For years now, the supermarkets have been quietly moving in on high-street shops - selling everything from Levis to computers along side cans of beans. Now the retailers, in the shape of Kingfisher - owner of Woolworth, B&Q, Comet, and Superdrug - are moving in on the supermarkets.
The real news, however, in the pounds 19bn merger between Kingfisher and Asda is how this underlines Europe's role in the restructuring of global commerce that is under way. The technological revolution still comes to us courtesy of Silicon Valley. The financial nuts and bolts of the cascade of deals are being handled by a small group of Wall Street banks. But the action is here.
Alongside Kingfisher/Asda there's the minuet between BNP, Paribas and Societe Generale. There's a similar banking deal under way in Italy. Elsewhere in Italy, Gucci is tangoing with LVMH and Telecom Italia is up for grabs.
If Telecom Italia and Deutsche Telecom were to merge while the French banking sector radically restructured, that would be enough to make it a banner year in the changing shape of European commerce. But it's only April.
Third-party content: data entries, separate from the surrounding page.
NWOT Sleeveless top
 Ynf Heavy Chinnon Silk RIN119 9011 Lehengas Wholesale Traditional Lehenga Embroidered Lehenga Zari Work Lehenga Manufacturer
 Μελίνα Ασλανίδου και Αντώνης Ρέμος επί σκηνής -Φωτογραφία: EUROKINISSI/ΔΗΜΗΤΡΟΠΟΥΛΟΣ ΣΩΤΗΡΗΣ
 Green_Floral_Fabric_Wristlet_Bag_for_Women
Barclays may also be in play. Last week, Kohlberg Kravis & Roberts, of Barbarians at the Gate fame, hired a second managing director for its new London office, while raising $3bn (pounds 1.86bn) for a buyout fund targeting deals in Europe.
Warren Buffett, the world's sagest investor, did not deny rumours last week that he is about to take a strategic stake in a Footsie 100 company. The word in the City is that he's interested in Marks and Spencer, another retailing target in the wake of its management troubles. But another possibility is that British Airways - whose shares have also been lacklustre - is about to receive a capital injection from Omaha.
Out of all this comes an appendix to the Third Way - a new style of industrial combination. Anglo-Saxon and continental European practices are blending. The watchword remains shareholder value. But the definition of the term has become elastic.
To see how it is evolving, watch the battle for control of the European pay-TV market. On one side: Rupert Murdoch playing his characteristically crafty but go-in-with-all-guns-blazing game. On the other: Canal Plus, Kirch and Mediaset, which have stymied Murdoch by playing a waiting game.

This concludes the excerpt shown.